• _Exercise prompt_:
A word-for-word copy of the listing is required, and it must contain no pictures.

_ _ _ _ _

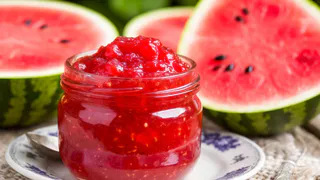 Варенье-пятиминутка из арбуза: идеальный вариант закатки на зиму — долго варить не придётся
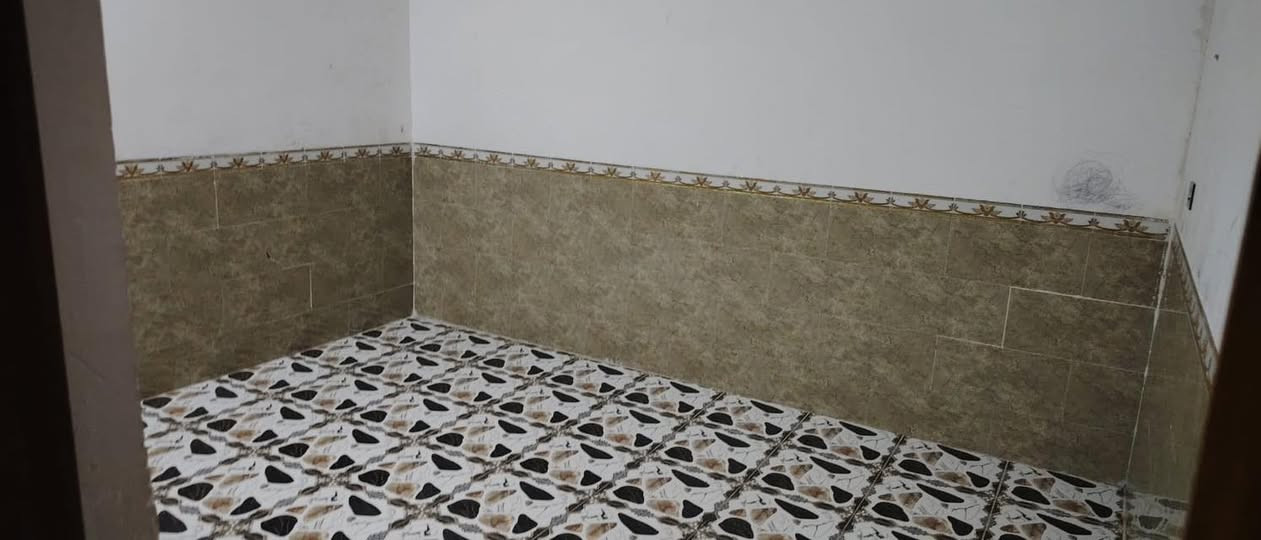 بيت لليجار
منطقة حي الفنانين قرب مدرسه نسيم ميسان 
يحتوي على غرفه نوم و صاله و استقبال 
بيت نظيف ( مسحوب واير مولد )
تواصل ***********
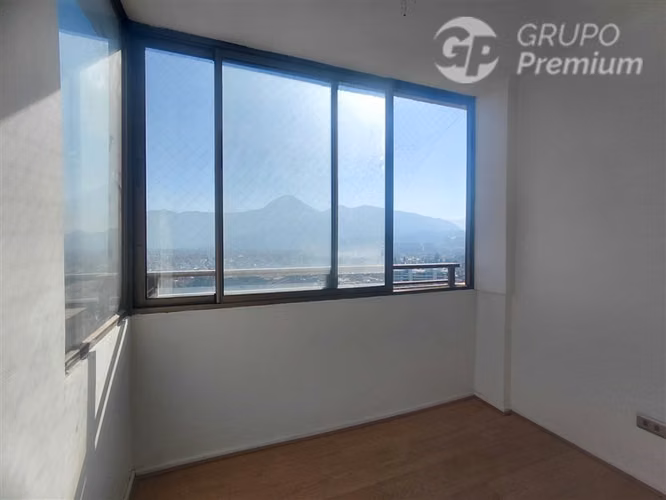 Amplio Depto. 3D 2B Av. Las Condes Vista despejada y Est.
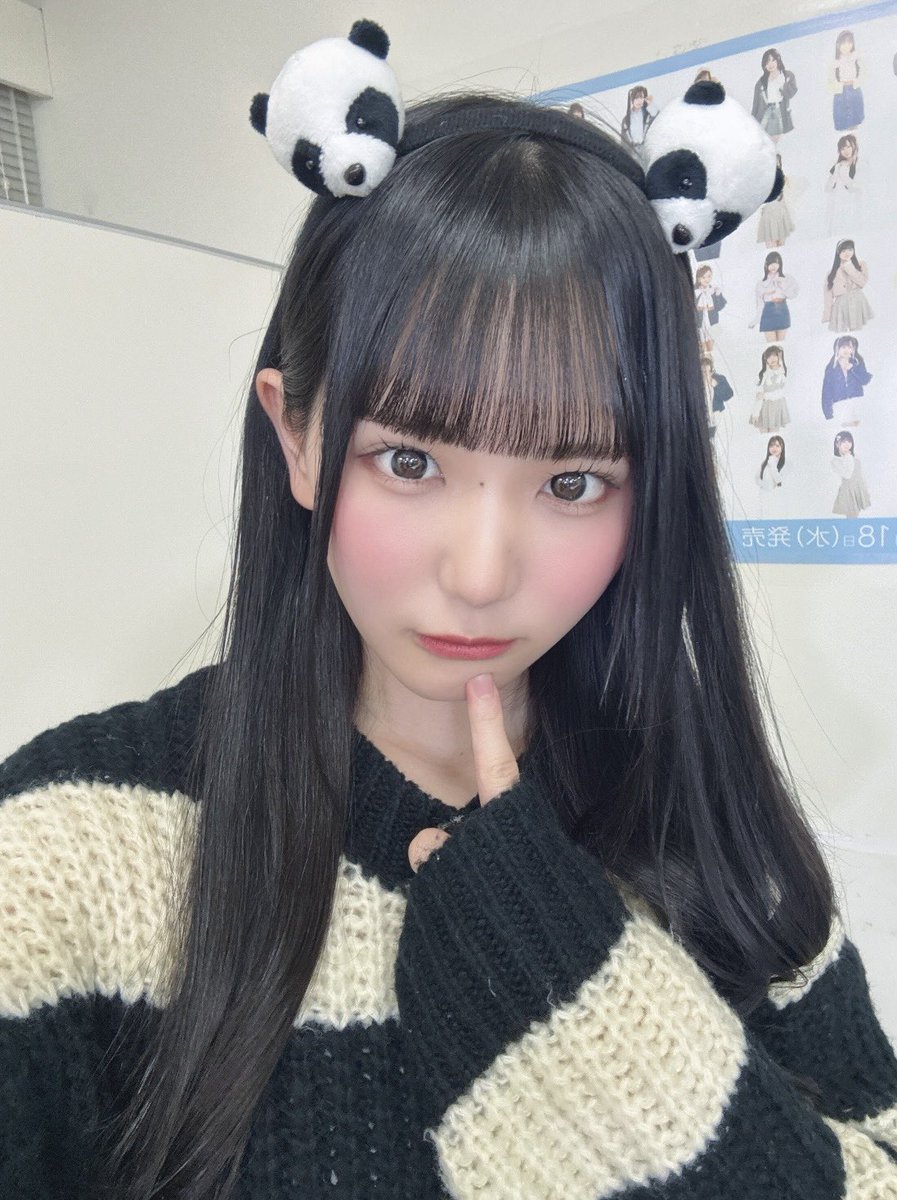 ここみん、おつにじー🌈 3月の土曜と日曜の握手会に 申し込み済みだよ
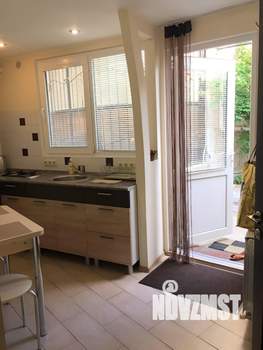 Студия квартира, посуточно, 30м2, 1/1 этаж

_ _ _ _ _

• _Solved problem_:
 Варенье-пятиминутка из арбуза: идеальный вариант закатки на зиму — долго варить не придётся
 بيت لليجار
منطقة حي الفنانين قرب مدرسه نسيم ميسان 
يحتوي على غرفه نوم و صاله و استقبال 
بيت نظيف ( مسحوب واير مولد )
تواصل ***********
 Amplio Depto. 3D 2B Av. Las Condes Vista despejada y Est.
 ここみん、おつにじー🌈 3月の土曜と日曜の握手会に 申し込み済みだよ
 Студия квартира, посуточно, 30м2, 1/1 этаж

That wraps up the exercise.